Within a mere two weeks, the club secured promotion to the Nigeria Professional Football League from the second division and also emerged victorious in the inaugural Naija Super 8 tournament. This triumph occurred in front of an enthusiastic crowd at the Mobolaji Johnson Arena, signifying a successful initiation into the top-tier competition.
While Sporting Lagos may initially appear unfamiliar to longtime followers of Nigerian club football, it represents a revival of essential elements such as community involvement, player-fan connections, rivalries, and other aspects that once defined the sport. In an era where these fundamental aspects are waning, the emergence of a private club like Sporting Lagos serves as a refreshing throwback to the past.
Founded just over a year ago by a tech guru, Shola Akinlade, the club came into the fray of Nigerian club football with an intent for community development and social change.
Aside from being a software engineer, Akinlade prides himself as someone who builds platforms for a living, and in a six minutes and 58 seconds video which was used to announce the birth of the club on February 3, 2022, the young entrepreneur passionately explained how the memories of the USA 1994 World Cup and the Atlanta 1996 Olympic Games inspired him to explore opportunities in football, not as a player, but as an owner.
“In every profession, I’ve seen people who just love this sport and just looking for ways to contribute and I’m just like it might be a good idea to create something and bring everyone together. What if we created a football club that all of us can own and support?

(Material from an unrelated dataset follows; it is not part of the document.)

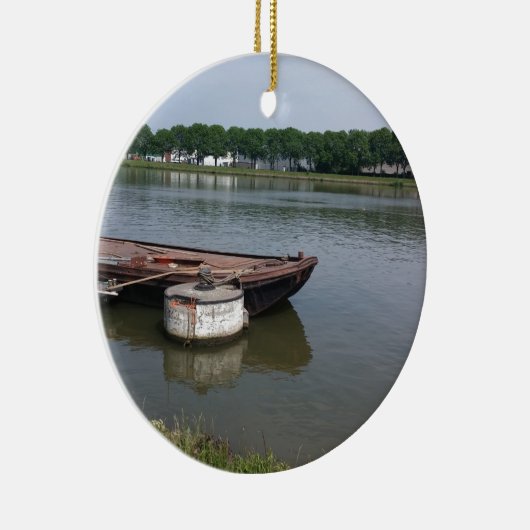 scheepvaartboei, kabelkadekanaal keramisch ornament (Rechts)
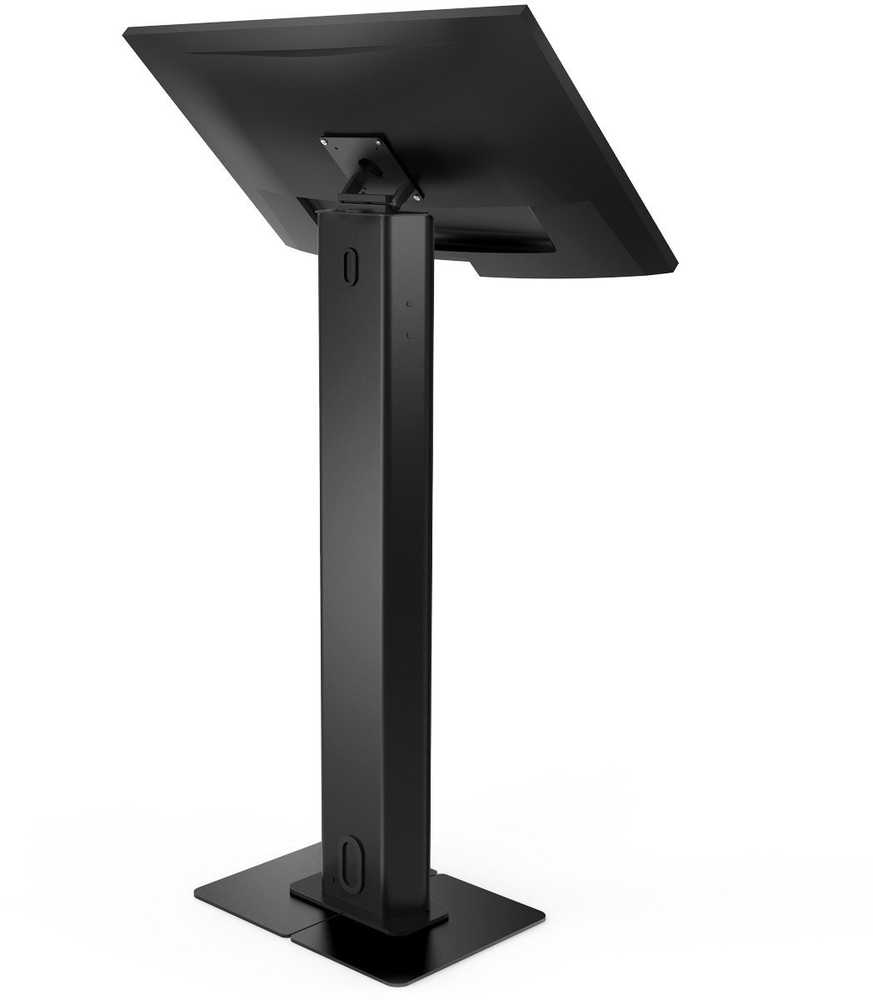 Laikiklis Podspeakers Compulocks Brandable VESA Floor Stand for Screens Up to 32 Inches - Juodas, 81.3 cm (32''), Universal, Universal screens iki 32'', Juodas, Steel, Floor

“The power of having this club in Lagos is just to unify and inspire our people and also create opportunities in the city for the people. The footballers and everyone in the ecosystem,” he said.
Akinlade is the co-founder and CEO of Paystack, the company that was acquired by Stripe in 2020 for $200m. In just a year, he has proven that he didn’t create the club just because he has the money to throw around, rather, he has also expanded his investment by acquiring a 55% stake in Danish second division club Aarhus Fremad in 2023.
The days of little beginning
What has now become a refined brand of football started at the Teslim Balogun Stadium in Surulere, the first adopted ground of the club in the Nigeria National League. The state of the pitch didn’t do justice to the quality of branding that the club brought into it and the capacity of the stadium itself sank the handful number of fans who barely filled one segment of the stands.
The club surely had a tough start to life in terms of results but a culture had begun among their tiny followers. Luckily for them, their darling team also escaped relegation into the Nationwide League One (NLO One) by just a goal difference after their first campaign in the second tier.
As tough as things were, the few fans who made it to the games in Surulere were unusually treated to premium entertainment as musical artists including Teni and Layton performed on the ground during their matches.
Of course, it didn’t come cheap.
“Sincerely, I never thought in my lifetime that a Nigerian football fan would pay as much as N50,000 to watch a league game, the NNL for that matter. Wow! You’ve to be at Sporting Lagos home games to understand what I’m talking about. It all starts with a walk through the beautiful pavilion walkway into the belly of a stadium filled with happy faces who are sometimes not there for only football but the entertainment provided by top acts in the music industry in Nigeria,” Sporting Lagos chairman, Godwin Enakhena told us.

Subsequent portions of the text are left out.